Let the Data Speak? No, Not Always
Frank L. Schmidt, a respected professor and researcher at the University of Iowa, gave a talk at the Association for Psychological Science’s 20th convention on Saturday about how scientific data can lie. Yes, that’s right, empirical data — even that published in respected, peer-reviewed journals — regularly do not tell the truth.
Schmidt’s talk was well-attended in one of the largest ballrooms at the Sheraton Hotel and Towers in Chicago where the convention is being held. Although an uneven presentation, Schmidt’s main points came across.
One of which is that the naive interpretation of multiple datasets is often likely to be the most correct — Occam’s razor (“the simplest solution is usually the best answer”). Schmidt claims that good research finds the simple structure underlying complex data.
He summarized there are two main reasons why data can “lie” in research — sampling errors and measurement errors.
Schmidt’s biggest criticism was directed at psychological science’s fetish with significance testing — e.g., statistical significance. He wishes that psychology would move far away from its reliance and fascination with statistical significance, because it is a weak, biased measure that basically says little about the underlying data or hypothesis.
Schmidt described six myths of surrounding significance testing. One myth was that a good p value is an indicator of significance, when it’s really just an indication of a study’s power level. Another was that if no significance was found that means there was no relationship found between the variables (in truth, it may mean simply that the study lacked sufficient power).
Schmidt’s solutions are simple — report effect sizes (point estimates) and confidence intervals instead, and de-emphasize significance testing altogether.
He ended lambasting the new-found emphasis on meta-analyses in psychological research, specifically calling out the journal Psychological Bulletin. In a yet-to-be-published study, he and other researchers examined all the meta-analyses published in the Psychological Bulletin from 1978-2006 — 199 studies altogether.
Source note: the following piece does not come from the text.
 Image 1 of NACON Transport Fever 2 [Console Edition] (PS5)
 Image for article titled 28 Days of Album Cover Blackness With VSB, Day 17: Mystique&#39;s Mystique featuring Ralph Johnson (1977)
The researchers found that 65% of these studies examined used a “fixed effects” model for their meta-analysis. Schmidt claimed that in fixed effects models data relationships are underestimated (by as much as 50%) and that researchers are over-estimating how precise they are (how little error there is in that estimate). Instead, Schmidt prefers “random effects” models that better account for these variations.
He also noted that in 90% of the studies examined, no corrections were made for measurement error — one of the major reasons he cites that data can “lie” in psychological research.
Given this analysis, Schmidt is suggesting that a great many meta-analyses published in peer-reviewed journals reach incorrect or faulty conclusions.
Sadly, this state of affairs is unlikely to change any time soon. While many psychological journals have adopted stricter standards for publication of research that better adhere to Schmidt’s suggestions, many still do not and seem to have no intention of changing.
What this means to the average person is that you cannot trust every study published just because it appears in a peer-reviewed journal, which is then publicized across the media as “fact” through a press release. Such facts are malleable, changing, and faulty. Only through careful reading and analysis of such studies can we understand the value of the data they present.